Yes! Data Science is an interdisciplinary field, so we welcome students from any discipline. If admitted, you may be required to take additional undergraduate courses in deficient areas (IT and/or math/statistics) depending on your undergraduate coursework. Additional courses may include computer programming, data structures & algorithms, databases, systems analysis, statistics & probability, and/or calculus 1 & 2 or equivalent.

Is the GRE required to apply for the MS in Data Science program?
The GRE is not required for the MS in Data Science program. If you have already taken the GRE exam, please feel free include to the score with the application material to strengthen your candidacy. 
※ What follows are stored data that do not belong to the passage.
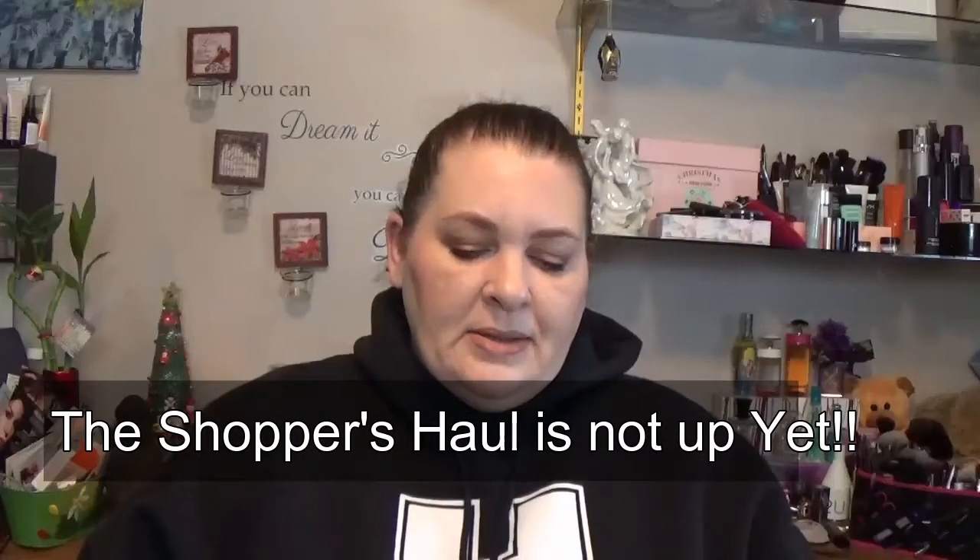Welcome back. Today's video is Friday Fabs and Flubs, and I do have quite a few fabs for you today. I hope to get one video up because there are a couple of items in my Friday fabs from a haul I did a week ago, but I haven't put all my videos up. I've been playing catch-up with everything I've ordered, so it's been a hectic week and I've finally gotten everything edited.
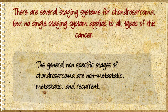The general nonspecific stages of Chondrosarcoma are non-metastatic, metastatic, and recurrent.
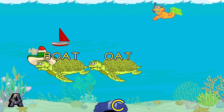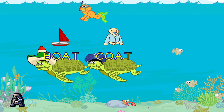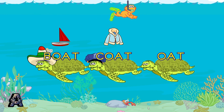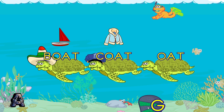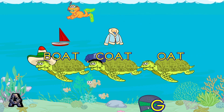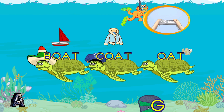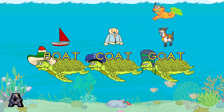To make a word, toss a hat to a sea turtle. Good throw! You made the word coat. Pretend to toss it with your Wii Remote. Good throw! You made the word goat.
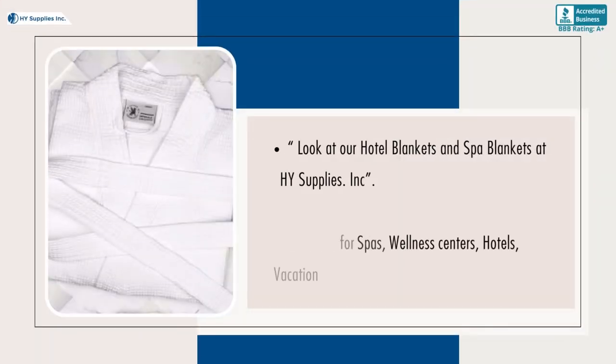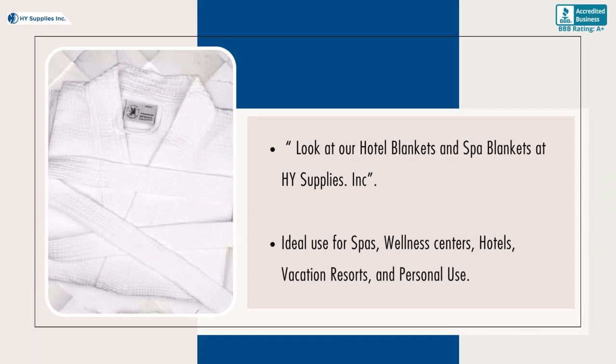Look at our hotel blankets and spa blankets at High Supplies Inc. Ideal use for spas, wellness centers, hotels, vacation resorts, and personal use.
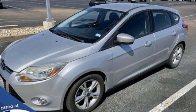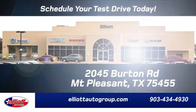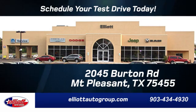You'll never know until you try. Test drive it today. Elliott Auto Group — we don't do things the old way, we do them the right way. Schedule your test drive today. We're located just off I-30 on Burton Road in Mount Pleasant.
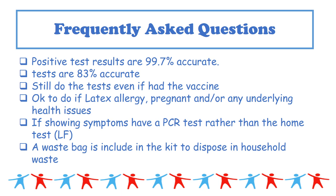As usual, if you are showing symptoms, do not use a lateral flow test — you should be doing a PCR test. Obviously do not come into school, and follow the system already in place. In each kit there is a waste bag for you to dispose of the kit safely to keep your household safe.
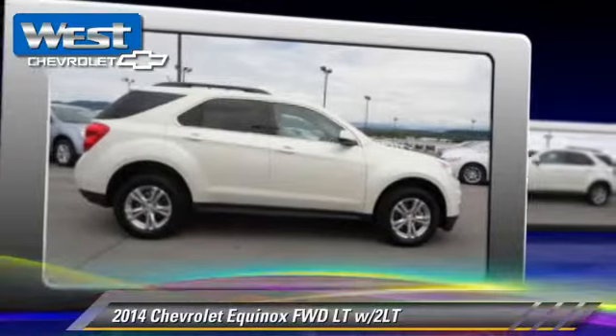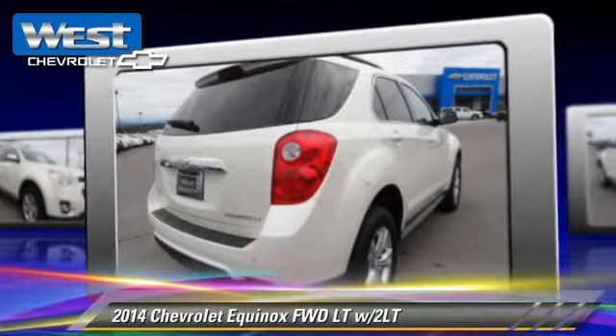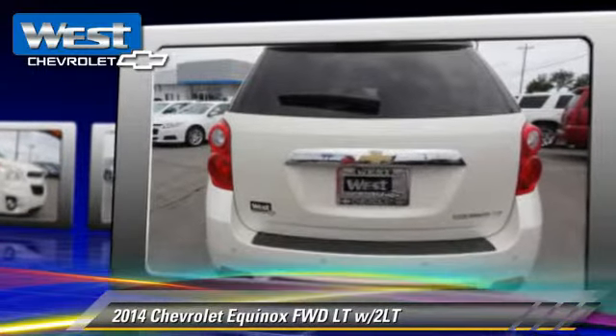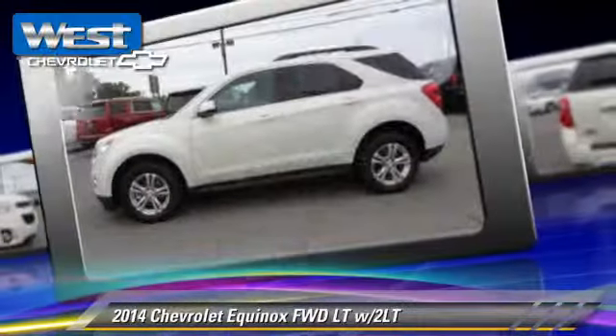The 2014 Chevrolet Equinox LT, powered by a 2.4-liter 4-cylinder engine with a 6-speed automatic transmission. This vehicle is well-equipped, featuring front-wheel drive, privacy glass, and power windows.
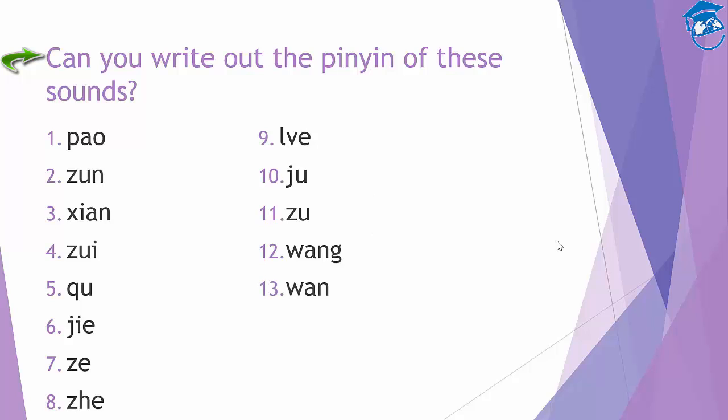The next one — can you get it right? The second last one — can you get it? It's this. And finally, the last one — can you get it? The last one is spelled like this.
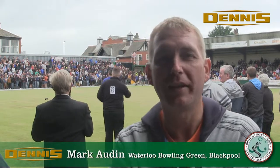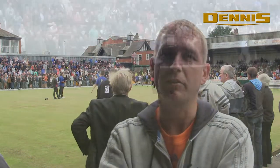My name is Mark Horden and I'm the Balls Manager here at the Waterloo Hotel. My responsibilities are looking after the green and various surroundings around the Waterloo.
My undergraduate GPA is less than 3.0. Can I apply for the program?
The GPA is an important criterion for admission; however, other parts of the application are also considered. Applicants with a GPA below 3.0 who present convincing evidence of a potential for success may be considered for provisional admission. Such evidence may include undergraduate research, awards, and job experience in IT or data science.

What is the application deadline?
The US citizens and permanent residents can apply anytime. The applications are accepted on a rolling basis. International applicants must submit their complete application by May 1 for the fall/August start date and October 1 for the spring/January start date.